In the same year, Edward I expelled England’s ‘Jewish financiers’ along, we must presume, with their Jewish financier wives and children. Winder finds this murder and expropriation a bit ‘dismaying’, like rain at a village fete, and interprets it as a form of proto-Brexit. But the extirpation of the wolves and the Jews are linked, and neither have much to do with Brexit. The Anglo-Norman economy was built with loans from ‘Jewish financiers’. Debt and wolves were the two obstacles to its further growth. Shakespeare, a son of the wool trade, calls Shylock a wolf.

The Last Wolf is an engaging ramble through the wool towns and open ranges of medieval England. The sheep economy made ‘a love of the outdoors’, a ‘preoccupation with the weather’ and ‘a national love of dogs’ all seem ‘stereotypically English’ and ‘innate’. Medieval England had ‘more mills than churches’, and ‘the whirring creak of the watermill’ was as ‘integral to the English scene as birdsong or the bleating of lambs’. And did the English preference for soft white bread inspire the ‘serrated edge’ of the English bread knife?

These springs are as much neglected as hidden. Under the Tudors and Stuarts, another ‘w’ and another ‘e’— salt water and enclosures — profoundly changed the equation of English commercial life, and the face of the landscape too. The wool trade had always been a sea trade, and the Black Death, by clearing more land for sheep, accelerated the formation of giant ranges and made the surviving sheep magnates more powerful. But our ‘stereotypically English’ hedgerows and urban habitats are the legacies of land enclosures, and the luxurious classical pastoral of the Georgians — beef and claret, not lamb and beer — rested on Atlantic and Indian commerce.
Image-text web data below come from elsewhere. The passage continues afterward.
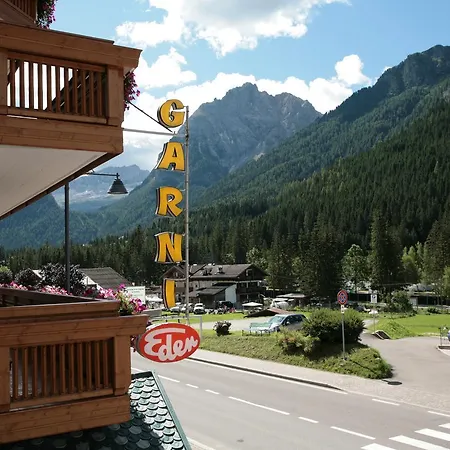 Garni Eden فندق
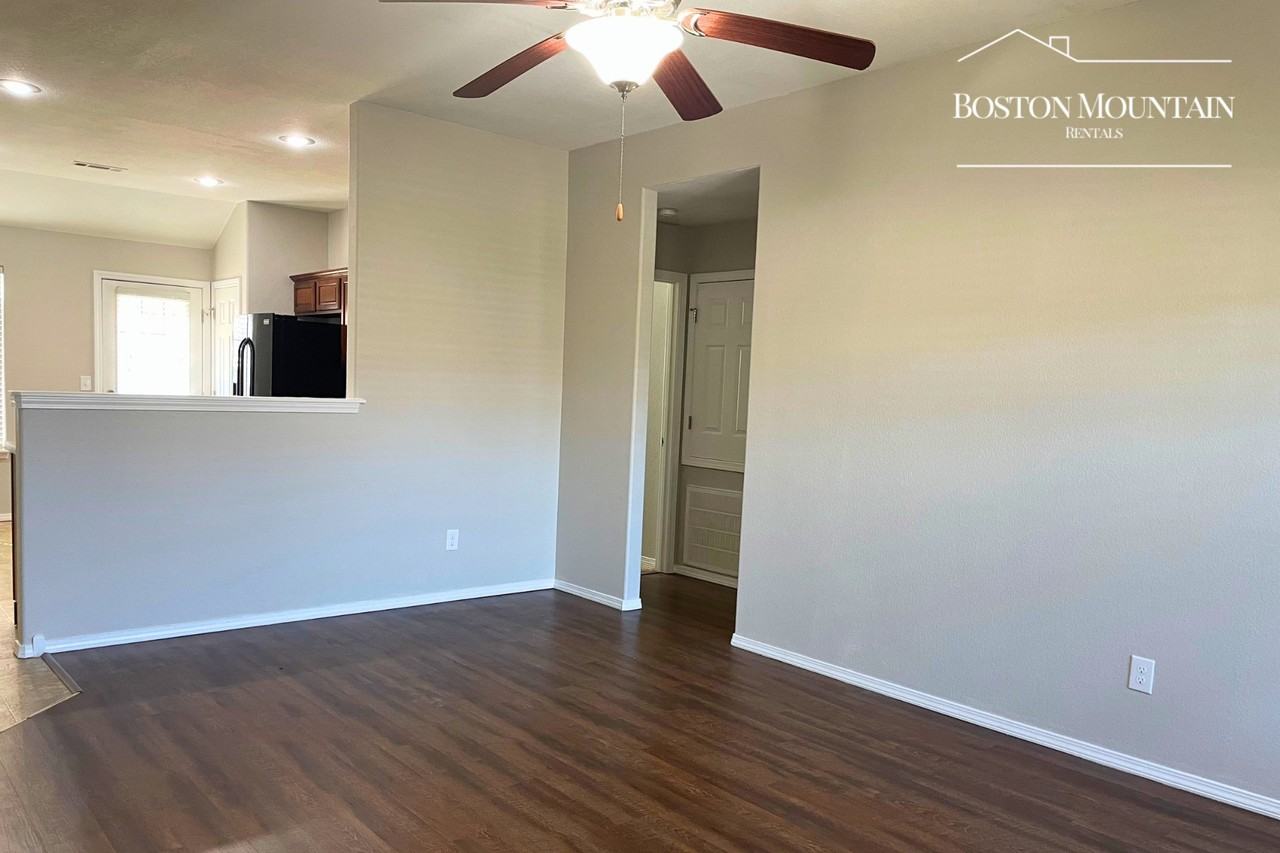 1121 S Apollo Dr - Photo 2 of 15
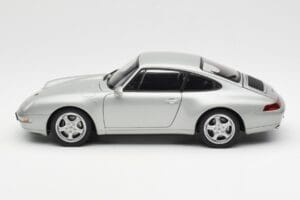 Porsche 911 993 Carrera Hopea AUTOart 1:18 78131 Metalli — kuva 4 / 8
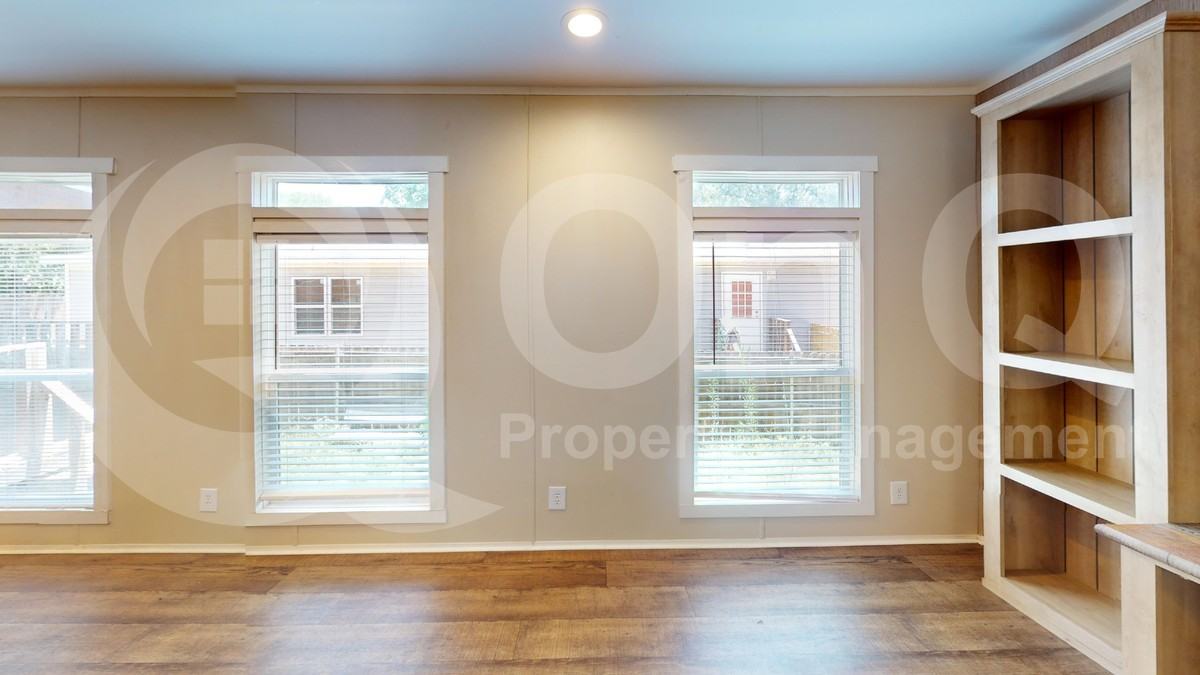 7415 Remington Rd - Photo 5 of 14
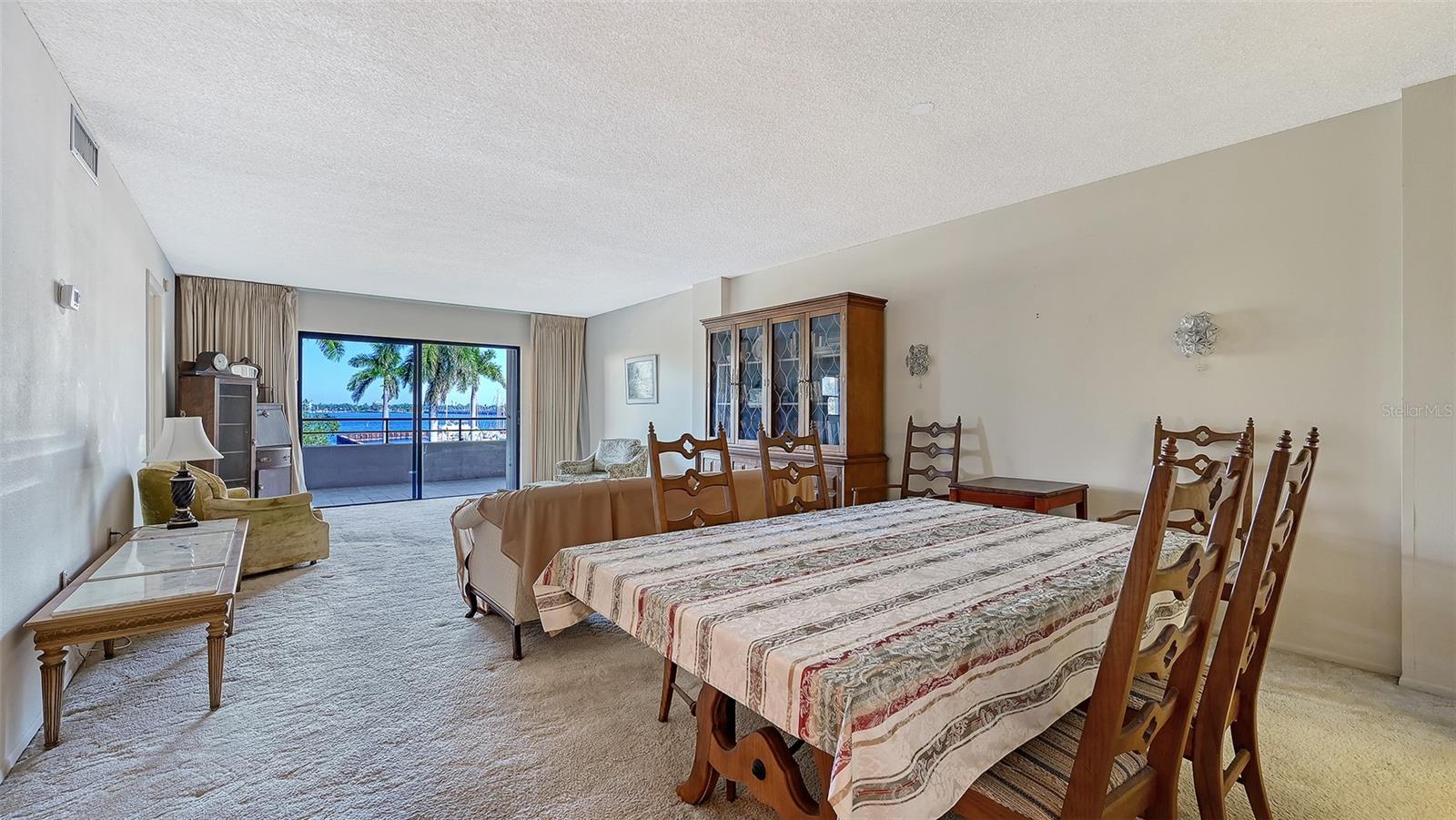 Image 6 of 63 For 1400 1st Avenue W 304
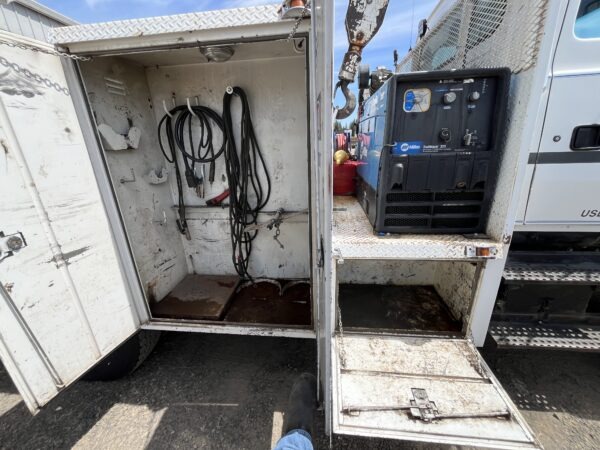 1995 Ford L8000 service truck - Image 16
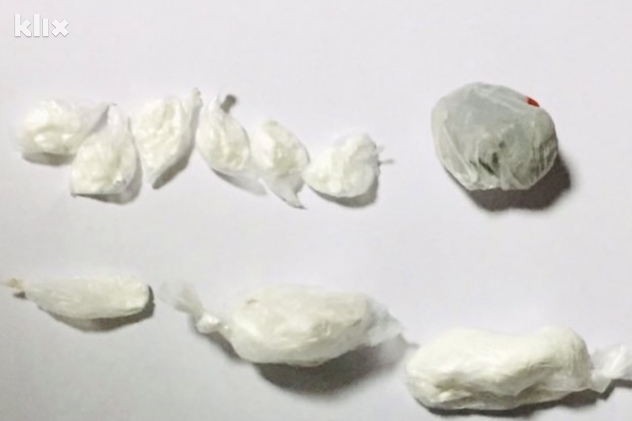 Droga je bila raspoređena u paketima (Foto: Klix.ba)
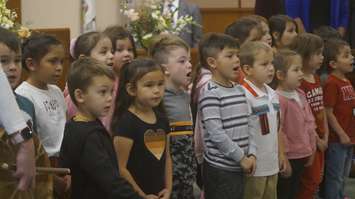 Students from Aamjiwnaang’s Binoojiinyag Kino Maagewgamgoos Early Learning Centre perform the national anthem at the inaugural meeting for the 2022-2026 Sarnia council term. November 15, 2022 Photo by Melanie Irwin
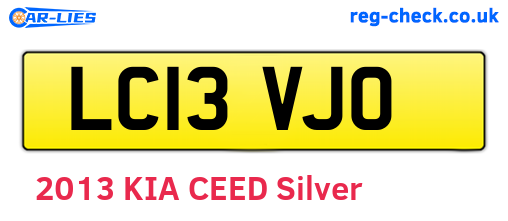LC13VJO are the vehicle registration plates.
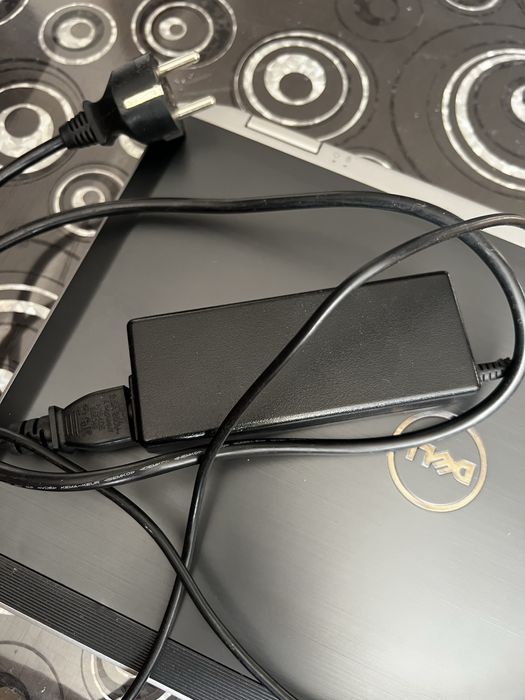 Dell Latitude E6420-Core i5, Windows 10 Pro+Office- Чисто нова батери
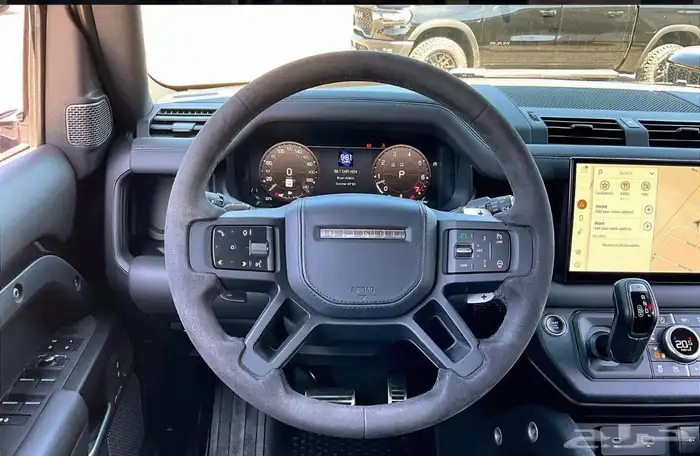 2023 Defender V8 سعر ممتاز جدا 10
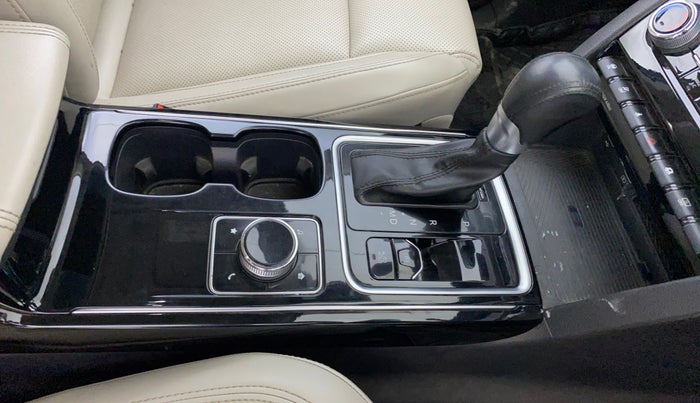 2021 Mahindra XUV700 AX 7 LUXURY P AT 7 STR, Petrol, Automatic, 73,781 km, Gear Lever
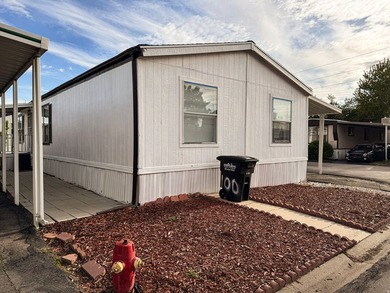 Freshly painted 3 bed, 2 bath home with new appliances and open - photo 2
Winder rightly emphasises that the precociously commercial life of medieval England fostered the change from the woollen world to the wooden world of maritime empire. But he does not address the two most important developments of all: the transition from Latin and Old English to the hybrid tongue of Langland, Chaucer and the Reformation. The Protestant revolt turned England’s sailors and businessmen towards the Atlantic, crystallised the English language, and created the trifecta of national identity: land, language and a national religion. As a ‘Jew made in England’— not, unfortunately, by financiers—I would argue that this trinity not only created the richness and density of Englishness, but also its exclusivity.

The Last Wolf is a good yarn, but not all of the springs of Englishness come from the old England of the shepherds. When Disraeli identified ‘two nations’ among the products of modern Englishness, he might have added another two nations — the England of before and that of after the Reformation.